GIVEN INFORMATION:
%%

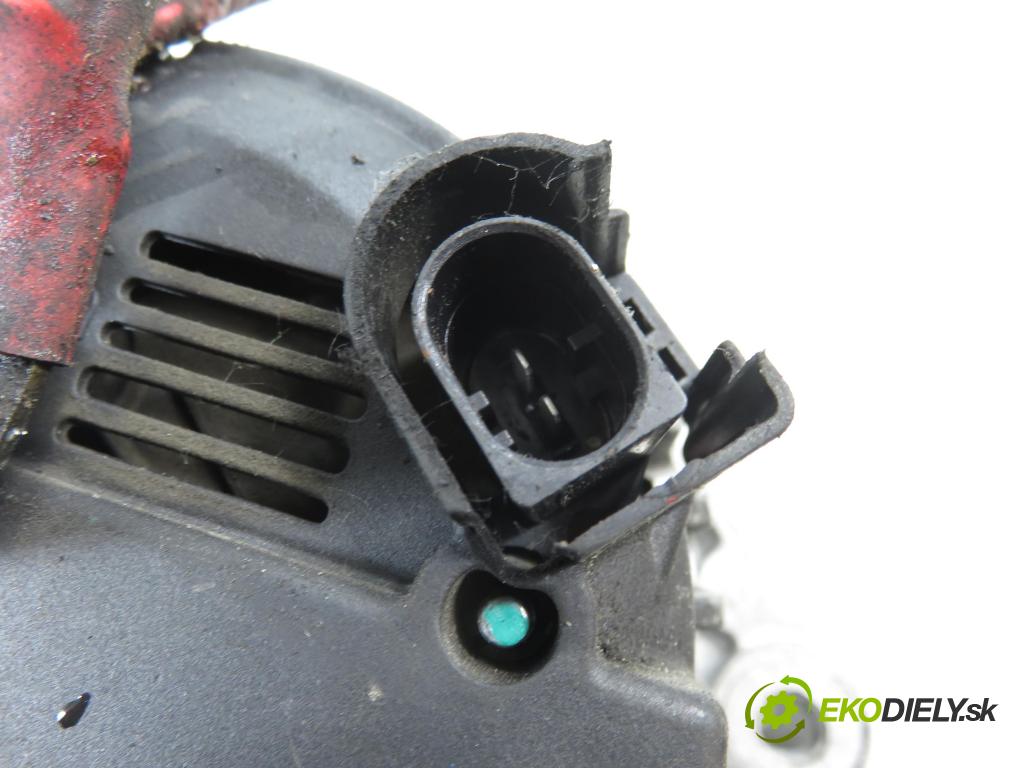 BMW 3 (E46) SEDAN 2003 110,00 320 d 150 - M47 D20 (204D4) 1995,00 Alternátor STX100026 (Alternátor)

%%
%%

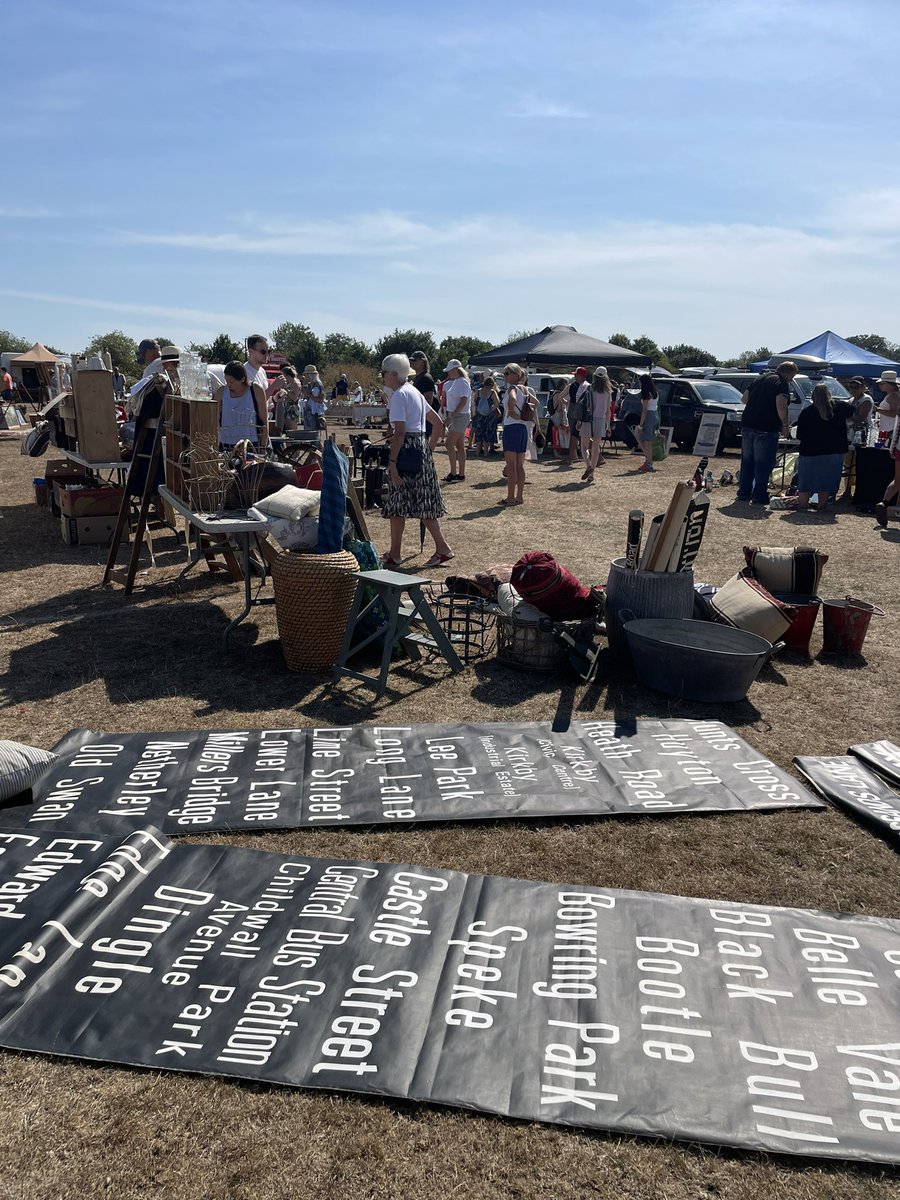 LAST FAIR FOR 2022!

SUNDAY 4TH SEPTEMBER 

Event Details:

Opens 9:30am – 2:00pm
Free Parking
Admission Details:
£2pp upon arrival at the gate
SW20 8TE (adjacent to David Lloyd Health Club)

%%

ASSIGNED TASK: Go back to the listing above. Copy word for word the lines from the one with "Opens 9:30am – 2:00pm" through the one with "SW20 8TE (adjacent", and nothing more.

ANSWER SECTION:
Opens 9:30am – 2:00pm
Free Parking
Admission Details:
£2pp upon arrival at the gate
SW20 8TE (adjacent to David Lloyd Health Club)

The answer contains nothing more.